2. | Agreed Product List (APL) table |
The Products covered by this Contract are the following.
Product Type | Minimum Delivery Quantities (MDQ) |
Estimated Delivery time ex Buffer Stock |
Estimated replenishment lead- time |
AT9OSCR075LOKXX21-Z1T | 24,5 Ku | 5 calendar days | 20 weeks |
AT9OSCR2OOLHS-Z1T | 4.9 Ku | 5 calendar days | 20 weeks |
3. | Forecast |
Every month, Key Tronic shall provide a 12 months rolling forecast for the delivery of Products. Forecasts will be reviewed on a monthly basis by Wisekey and Key Tronic.
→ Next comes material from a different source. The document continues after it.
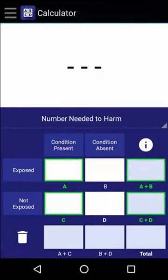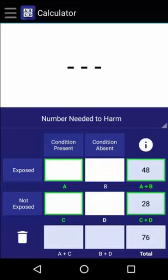Now let's try a quick example. Let's say that in a restaurant with 76 guests, 48 people ate contaminated chicken, of which 36 later on developed nausea and vomiting. Another 7 guests developed the same symptoms, but did not consume any poultry.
4. | Buffer Stock inventory |
The inventory of Products to be part of the Buffer Stock will be defined and agreed between the Parties based on the provided forecasts. The quantity of Products will correspond to the average monthly quantity to be delivered in the coming twelve months with adjustment linked to the MDQ. It shall be reviewed during the monthly forecast meetings and may be adjusted pursuant to 7.2.
The initial Buffer Stock herebelow has been agreed at the time of signature of this Contract. Subsequent changes to Buffer Stock must be approved in writing by Key Ironic.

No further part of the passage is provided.